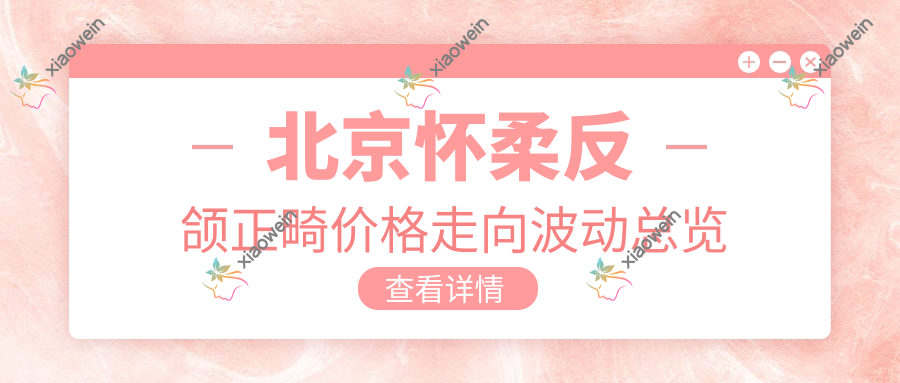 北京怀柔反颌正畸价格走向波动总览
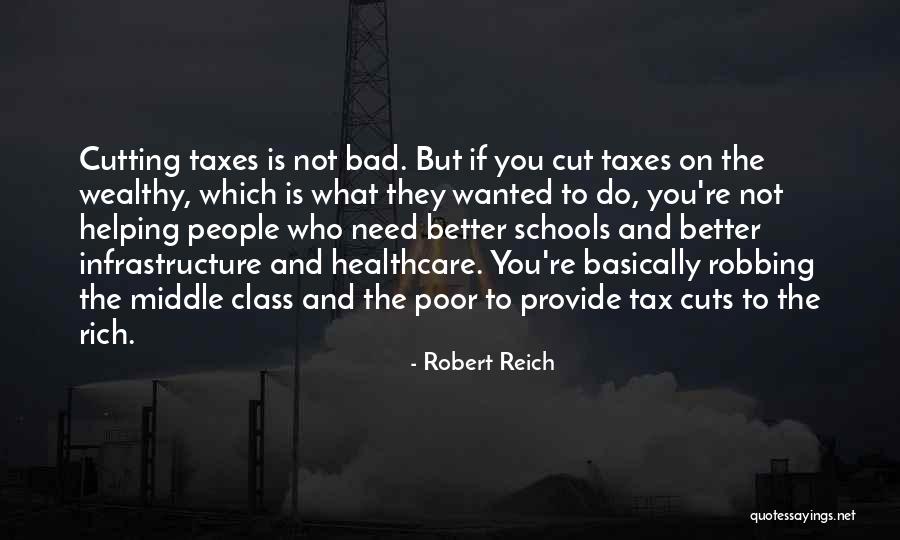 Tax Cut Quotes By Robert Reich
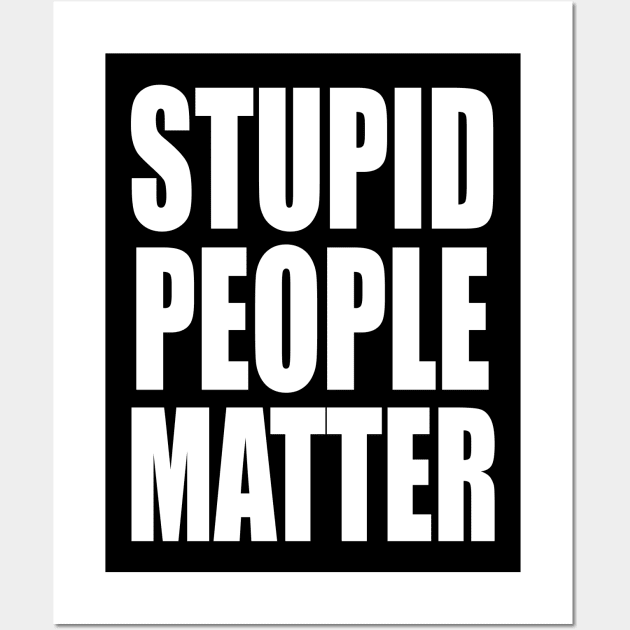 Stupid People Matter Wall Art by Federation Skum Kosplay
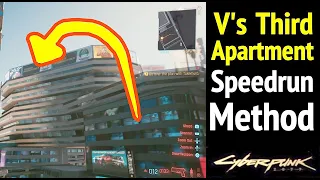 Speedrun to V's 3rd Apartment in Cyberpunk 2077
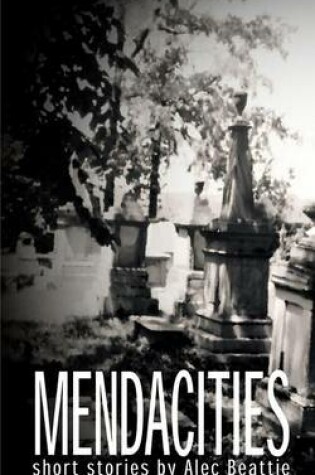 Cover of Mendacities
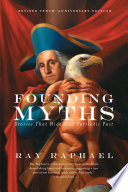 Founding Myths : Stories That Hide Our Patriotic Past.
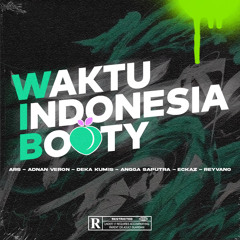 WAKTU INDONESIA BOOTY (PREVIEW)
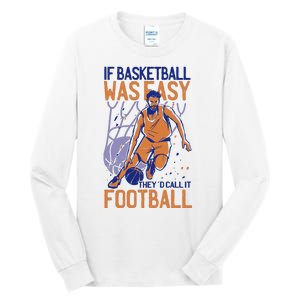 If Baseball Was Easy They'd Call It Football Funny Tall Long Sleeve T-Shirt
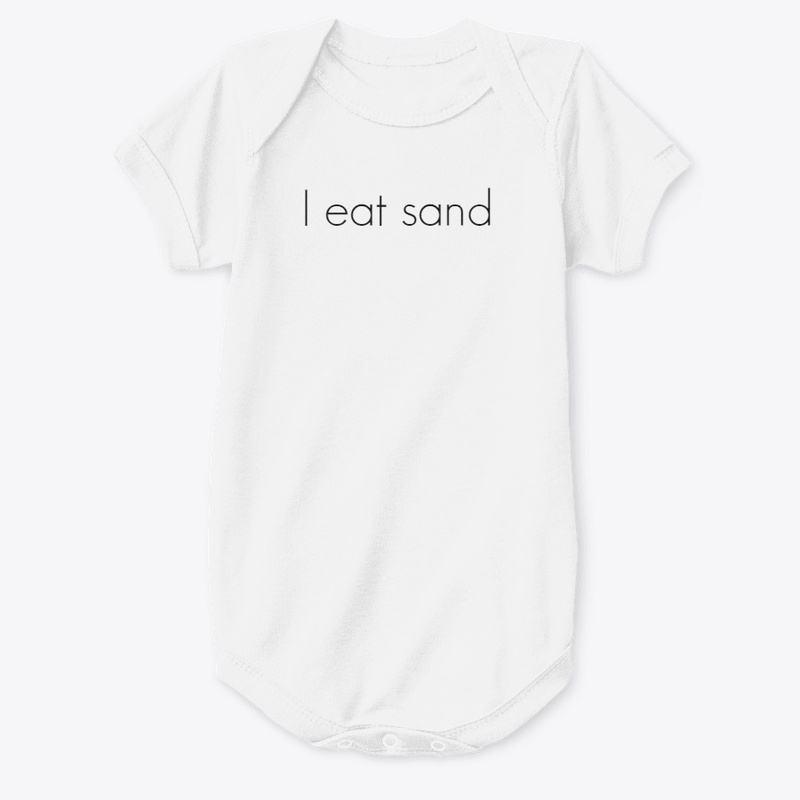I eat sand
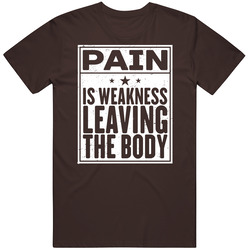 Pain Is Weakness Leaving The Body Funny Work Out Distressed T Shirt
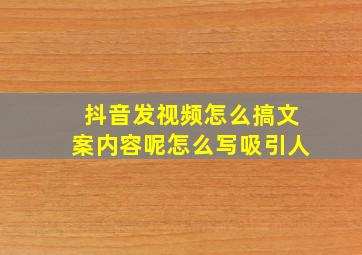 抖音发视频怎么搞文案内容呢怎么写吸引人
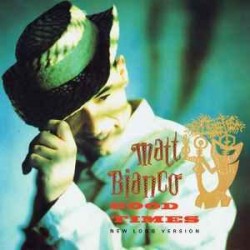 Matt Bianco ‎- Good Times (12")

Exercise: Each record is to be copied word for word, with no images carried over.

The answer:
 北京怀柔反颌正畸价格走向波动总览
 Tax Cut Quotes By Robert Reich
 Stupid People Matter Wall Art by Federation Skum Kosplay
 Speedrun to V's 3rd Apartment in Cyberpunk 2077
 Cover of Mendacities
 Founding Myths : Stories That Hide Our Patriotic Past.
 WAKTU INDONESIA BOOTY (PREVIEW)
 If Baseball Was Easy They'd Call It Football Funny Tall Long Sleeve T-Shirt
I eat sand
 Pain Is Weakness Leaving The Body Funny Work Out Distressed T Shirt
 抖音发视频怎么搞文案内容呢怎么写吸引人
 Matt Bianco ‎- Good Times (12")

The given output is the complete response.